Advantages & Disadvantages of Hybrid Networks
Hybrid networks combine the features of two (or more) network topologies (star, bus, ring, etc.) in a way that the resulting network exhibits characteristics of both.
Examples of hybrid networks include the star bus network (that combines a star network topology and a bus network topology) and a star ring network, which combines the features of a star network topology and a ring network topology.
A hybrid topology is reliable and the failure of one node (or connected system) does not affect the performance of the network. There are multiple pathways between the nodes. The failure of one cable or transmission line allows the network to provide an alternate route between a sender (or sending node) and a receiver (or receiving node.)

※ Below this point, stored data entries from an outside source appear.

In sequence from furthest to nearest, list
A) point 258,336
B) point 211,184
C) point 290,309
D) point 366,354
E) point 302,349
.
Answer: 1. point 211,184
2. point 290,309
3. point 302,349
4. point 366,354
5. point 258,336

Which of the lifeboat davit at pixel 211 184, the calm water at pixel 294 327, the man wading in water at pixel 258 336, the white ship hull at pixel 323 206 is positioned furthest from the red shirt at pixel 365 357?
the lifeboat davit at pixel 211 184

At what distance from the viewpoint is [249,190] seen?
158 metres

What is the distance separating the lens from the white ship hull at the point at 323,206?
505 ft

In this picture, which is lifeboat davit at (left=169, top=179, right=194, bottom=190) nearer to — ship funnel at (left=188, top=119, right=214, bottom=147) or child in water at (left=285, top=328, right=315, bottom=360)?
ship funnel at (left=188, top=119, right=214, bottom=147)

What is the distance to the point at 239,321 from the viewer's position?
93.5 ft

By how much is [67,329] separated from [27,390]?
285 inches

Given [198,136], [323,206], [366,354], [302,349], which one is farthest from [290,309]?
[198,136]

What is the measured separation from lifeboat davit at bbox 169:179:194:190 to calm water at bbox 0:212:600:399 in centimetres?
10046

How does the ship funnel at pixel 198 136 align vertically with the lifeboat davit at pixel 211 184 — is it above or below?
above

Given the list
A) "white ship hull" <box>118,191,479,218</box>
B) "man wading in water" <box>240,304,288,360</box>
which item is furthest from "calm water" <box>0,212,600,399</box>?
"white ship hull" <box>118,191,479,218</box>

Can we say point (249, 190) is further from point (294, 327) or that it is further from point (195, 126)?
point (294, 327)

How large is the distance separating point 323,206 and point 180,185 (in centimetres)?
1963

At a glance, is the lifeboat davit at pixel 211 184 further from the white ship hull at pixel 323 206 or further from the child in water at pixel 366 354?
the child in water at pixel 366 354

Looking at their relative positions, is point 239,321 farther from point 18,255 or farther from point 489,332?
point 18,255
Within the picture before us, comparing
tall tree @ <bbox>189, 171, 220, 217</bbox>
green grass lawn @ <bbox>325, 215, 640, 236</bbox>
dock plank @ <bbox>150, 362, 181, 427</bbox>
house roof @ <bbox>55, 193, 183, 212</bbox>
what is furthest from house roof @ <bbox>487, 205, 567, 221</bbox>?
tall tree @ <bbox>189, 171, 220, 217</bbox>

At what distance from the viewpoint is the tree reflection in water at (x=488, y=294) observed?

A hybrid network combines the operating systems or platforms of two or more different networks and is therefore able to provide features and exhibit characteristics of both. It can be employed in a variety of environments and is typically used to wire a corporate network or a large LAN (local area network.)

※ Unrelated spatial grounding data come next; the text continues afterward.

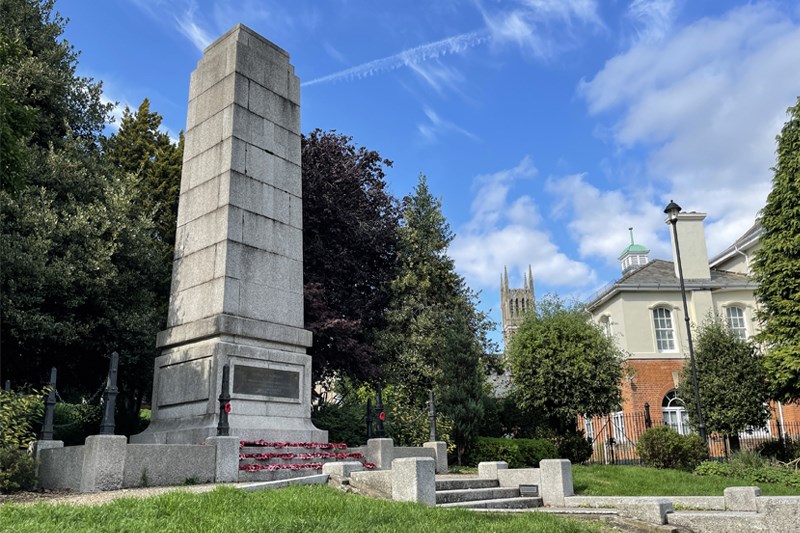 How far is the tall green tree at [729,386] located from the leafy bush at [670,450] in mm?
5281

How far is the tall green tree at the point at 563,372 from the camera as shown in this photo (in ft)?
80.2

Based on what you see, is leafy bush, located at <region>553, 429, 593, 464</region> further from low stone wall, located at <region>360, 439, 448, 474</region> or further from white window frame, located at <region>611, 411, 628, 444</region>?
white window frame, located at <region>611, 411, 628, 444</region>

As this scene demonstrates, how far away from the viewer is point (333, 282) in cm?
2612

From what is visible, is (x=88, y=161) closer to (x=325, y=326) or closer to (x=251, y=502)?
(x=325, y=326)

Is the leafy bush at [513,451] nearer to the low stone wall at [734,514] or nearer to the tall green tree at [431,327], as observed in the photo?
the tall green tree at [431,327]

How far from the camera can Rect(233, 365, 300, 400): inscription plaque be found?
14.9 meters

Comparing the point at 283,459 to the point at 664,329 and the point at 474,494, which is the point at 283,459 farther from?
the point at 664,329

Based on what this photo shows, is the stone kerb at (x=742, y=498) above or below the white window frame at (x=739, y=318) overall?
below

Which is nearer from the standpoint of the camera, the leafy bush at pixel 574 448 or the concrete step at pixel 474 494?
the concrete step at pixel 474 494

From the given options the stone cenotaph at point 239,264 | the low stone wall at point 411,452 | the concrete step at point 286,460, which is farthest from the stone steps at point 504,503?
the stone cenotaph at point 239,264

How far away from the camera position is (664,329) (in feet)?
115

Disadvantage: Expensive & Complex
According to "CompTIA A+ Complete Study Guide," a hybrid network is typically more expensive than other networks since it exploits the features of its component topologies. It requires more cabling between its hardware devices than other types of network topologies. Hybrid networks are difficult to set up and troubleshoot. Errors and inconsistencies in connected nodes are often hard to pinpoint and isolate. Addition of other nodes or devices to the network is cumbersome without prior networking knowledge.

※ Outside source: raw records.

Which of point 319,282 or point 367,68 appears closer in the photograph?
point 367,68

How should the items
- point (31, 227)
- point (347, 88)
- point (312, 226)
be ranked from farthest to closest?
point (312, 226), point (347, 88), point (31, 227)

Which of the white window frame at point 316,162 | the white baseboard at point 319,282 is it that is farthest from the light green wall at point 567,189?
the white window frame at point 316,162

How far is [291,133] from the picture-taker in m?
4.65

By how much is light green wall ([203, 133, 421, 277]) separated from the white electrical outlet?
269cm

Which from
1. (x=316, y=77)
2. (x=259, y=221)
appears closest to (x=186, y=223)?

Disadvantage: Expensive Intelligent Concentration Points Required
According to "Internet & Web Design," a hybrid network requires intelligent concentration points. A concentration point (also called connection point or hub) is the junction where a connection is made. An intelligent concentration point has inbuilt fault-isolation, diagnosis and fault processing ability. These concentration points are hard-wired and programmed to isolate faulty nodes or convert transmission medium from one form to another. An intelligent hub gathers information about all ports attached on it, detects errors, automatically shuts down a faulty port and manages network traffic. While intelligent concentration points have numerous advantages in terms of error management and the efficient maintenance of network traffic, they are more expensive than both active and passive hubs. Larger hybrid networks commonly require multiple intelligent hubs.